Print the listing in full, with no character changed.

--- EXERCISE DATA ---
# # #
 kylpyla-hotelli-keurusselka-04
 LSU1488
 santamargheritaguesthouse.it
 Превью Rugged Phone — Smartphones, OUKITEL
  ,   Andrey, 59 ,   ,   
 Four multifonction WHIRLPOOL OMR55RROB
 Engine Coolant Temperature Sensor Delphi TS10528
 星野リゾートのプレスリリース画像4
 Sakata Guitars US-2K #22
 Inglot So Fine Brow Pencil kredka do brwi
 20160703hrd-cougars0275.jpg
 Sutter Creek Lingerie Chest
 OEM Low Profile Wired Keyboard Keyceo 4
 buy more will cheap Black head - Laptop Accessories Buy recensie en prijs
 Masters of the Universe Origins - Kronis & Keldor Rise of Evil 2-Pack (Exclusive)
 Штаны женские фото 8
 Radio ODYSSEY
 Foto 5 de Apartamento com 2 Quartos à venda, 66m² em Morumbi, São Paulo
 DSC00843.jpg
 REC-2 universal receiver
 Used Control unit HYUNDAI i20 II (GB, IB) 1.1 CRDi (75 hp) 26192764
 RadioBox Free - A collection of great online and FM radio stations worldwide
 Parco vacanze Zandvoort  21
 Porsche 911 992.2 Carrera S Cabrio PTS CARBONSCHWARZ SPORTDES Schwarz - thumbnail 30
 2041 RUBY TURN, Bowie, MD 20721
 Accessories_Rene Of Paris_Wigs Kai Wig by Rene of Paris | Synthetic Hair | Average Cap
# # #
--- OUTPUT ---
 kylpyla-hotelli-keurusselka-04
 LSU1488
 santamargheritaguesthouse.it
 Превью Rugged Phone — Smartphones, OUKITEL
  ,   Andrey, 59 ,   ,   
 Four multifonction WHIRLPOOL OMR55RROB
 Engine Coolant Temperature Sensor Delphi TS10528
 星野リゾートのプレスリリース画像4
 Sakata Guitars US-2K #22
 Inglot So Fine Brow Pencil kredka do brwi
 20160703hrd-cougars0275.jpg
 Sutter Creek Lingerie Chest
 OEM Low Profile Wired Keyboard Keyceo 4
 buy more will cheap Black head - Laptop Accessories Buy recensie en prijs
 Masters of the Universe Origins - Kronis & Keldor Rise of Evil 2-Pack (Exclusive)
 Штаны женские фото 8
 Radio ODYSSEY
 Foto 5 de Apartamento com 2 Quartos à venda, 66m² em Morumbi, São Paulo
 DSC00843.jpg
 REC-2 universal receiver
 Used Control unit HYUNDAI i20 II (GB, IB) 1.1 CRDi (75 hp) 26192764
 RadioBox Free - A collection of great online and FM radio stations worldwide
 Parco vacanze Zandvoort  21
 Porsche 911 992.2 Carrera S Cabrio PTS CARBONSCHWARZ SPORTDES Schwarz - thumbnail 30
 2041 RUBY TURN, Bowie, MD 20721
 Accessories_Rene Of Paris_Wigs Kai Wig by Rene of Paris | Synthetic Hair | Average Cap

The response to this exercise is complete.